Task item
Retype all entries exactly as they stand, excluding pictures.

Working data

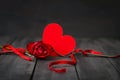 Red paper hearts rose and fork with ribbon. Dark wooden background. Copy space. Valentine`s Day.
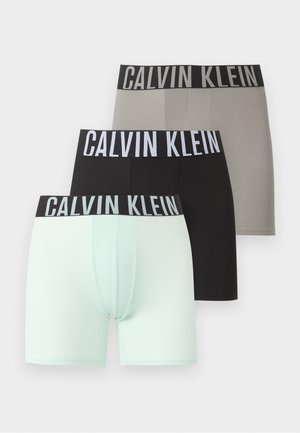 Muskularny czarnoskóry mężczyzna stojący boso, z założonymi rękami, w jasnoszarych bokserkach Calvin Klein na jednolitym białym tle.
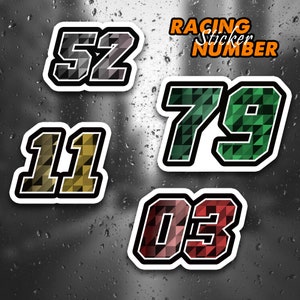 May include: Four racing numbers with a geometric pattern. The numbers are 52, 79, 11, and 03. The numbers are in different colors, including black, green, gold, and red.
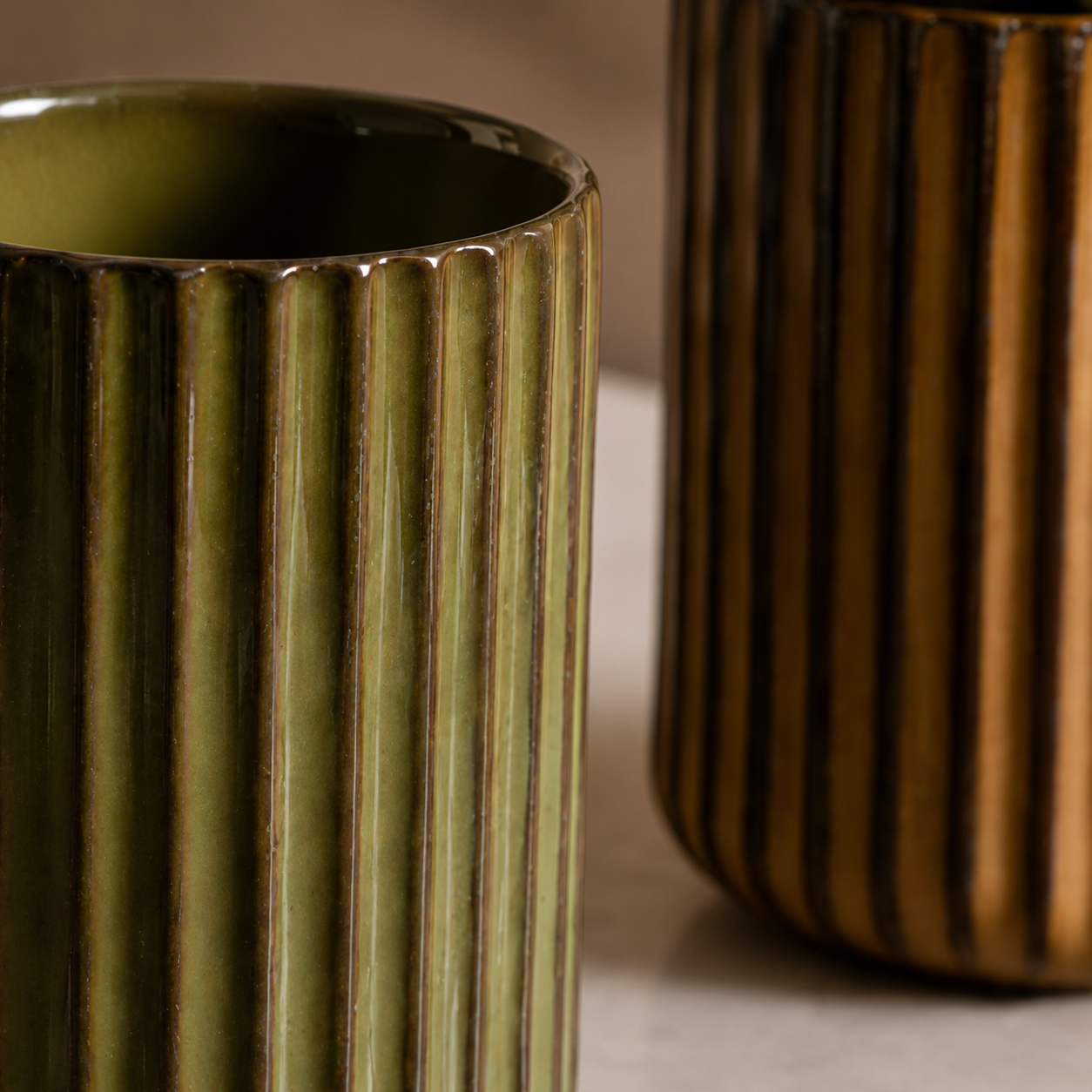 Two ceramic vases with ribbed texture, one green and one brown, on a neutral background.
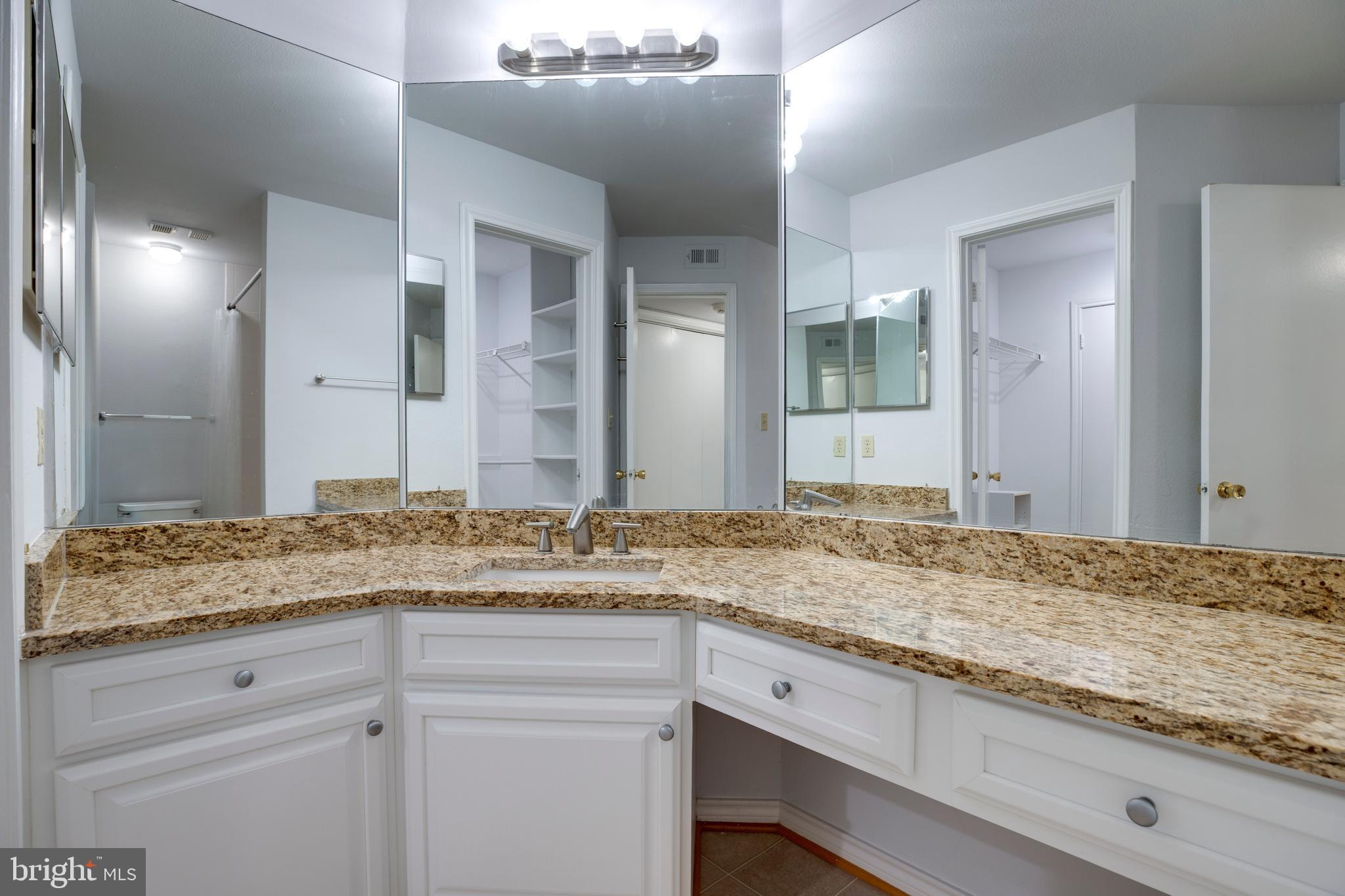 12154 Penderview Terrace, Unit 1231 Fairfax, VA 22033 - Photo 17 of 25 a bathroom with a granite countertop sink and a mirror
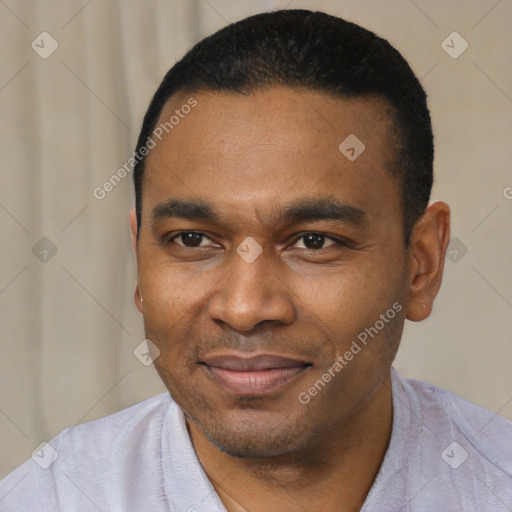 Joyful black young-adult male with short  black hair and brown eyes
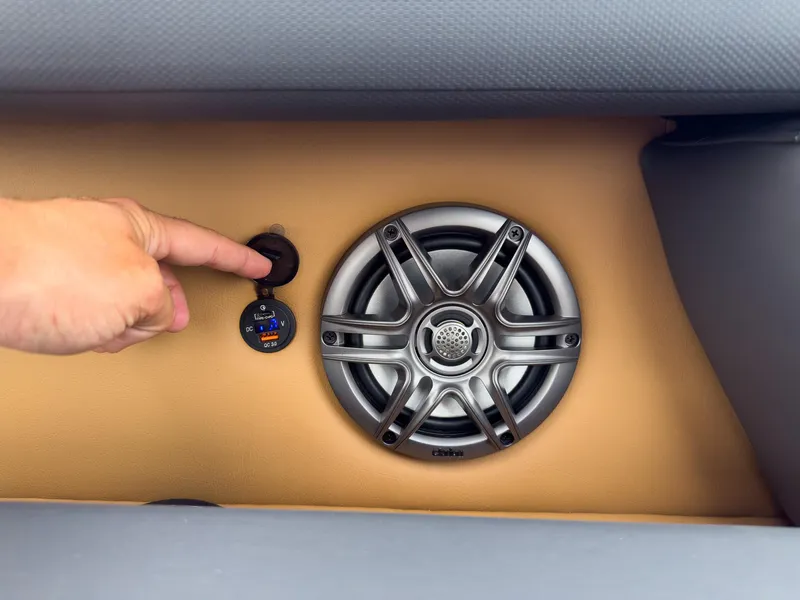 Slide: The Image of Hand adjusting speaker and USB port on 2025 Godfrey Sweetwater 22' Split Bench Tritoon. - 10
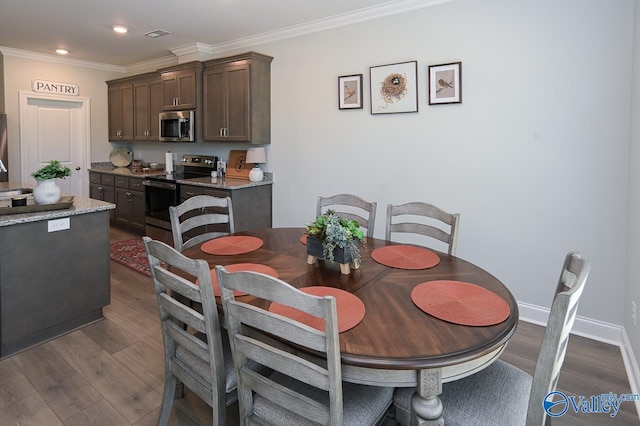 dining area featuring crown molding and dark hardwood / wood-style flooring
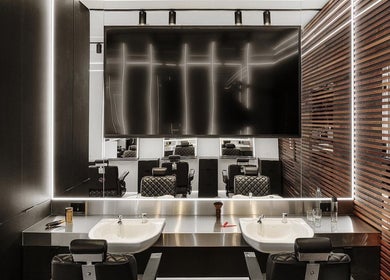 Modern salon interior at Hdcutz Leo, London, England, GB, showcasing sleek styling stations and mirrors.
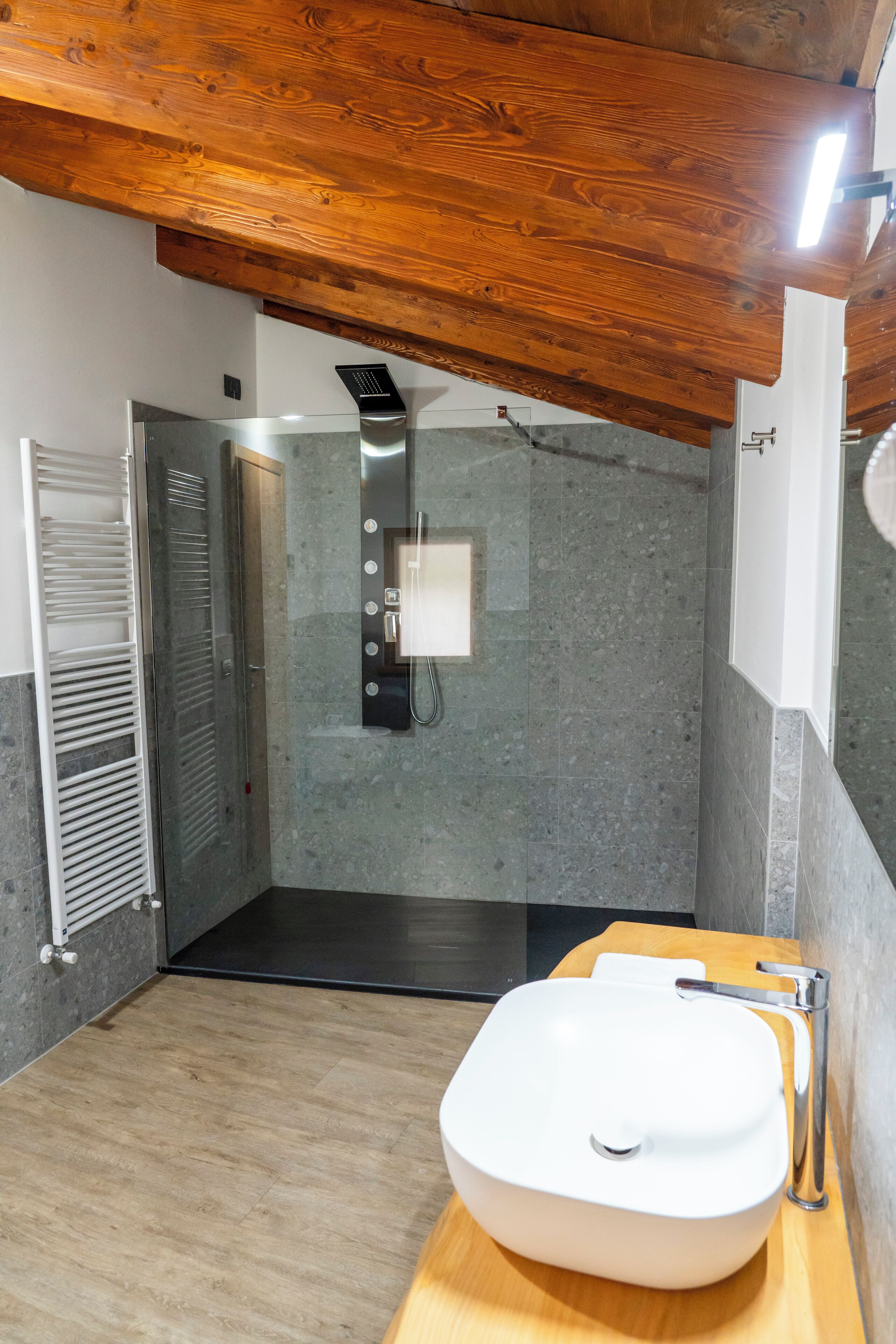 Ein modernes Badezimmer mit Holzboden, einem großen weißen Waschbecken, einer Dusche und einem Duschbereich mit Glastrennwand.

Expected output
 Red paper hearts rose and fork with ribbon. Dark wooden background. Copy space. Valentine`s Day.
 Muskularny czarnoskóry mężczyzna stojący boso, z założonymi rękami, w jasnoszarych bokserkach Calvin Klein na jednolitym białym tle.
 May include: Four racing numbers with a geometric pattern. The numbers are 52, 79, 11, and 03. The numbers are in different colors, including black, green, gold, and red.
 Two ceramic vases with ribbed texture, one green and one brown, on a neutral background.
 12154 Penderview Terrace, Unit 1231 Fairfax, VA 22033 - Photo 17 of 25 a bathroom with a granite countertop sink and a mirror
 Joyful black young-adult male with short  black hair and brown eyes
 Slide: The Image of Hand adjusting speaker and USB port on 2025 Godfrey Sweetwater 22' Split Bench Tritoon. - 10
 dining area featuring crown molding and dark hardwood / wood-style flooring
 Modern salon interior at Hdcutz Leo, London, England, GB, showcasing sleek styling stations and mirrors.
 Ein modernes Badezimmer mit Holzboden, einem großen weißen Waschbecken, einer Dusche und einem Duschbereich mit Glastrennwand.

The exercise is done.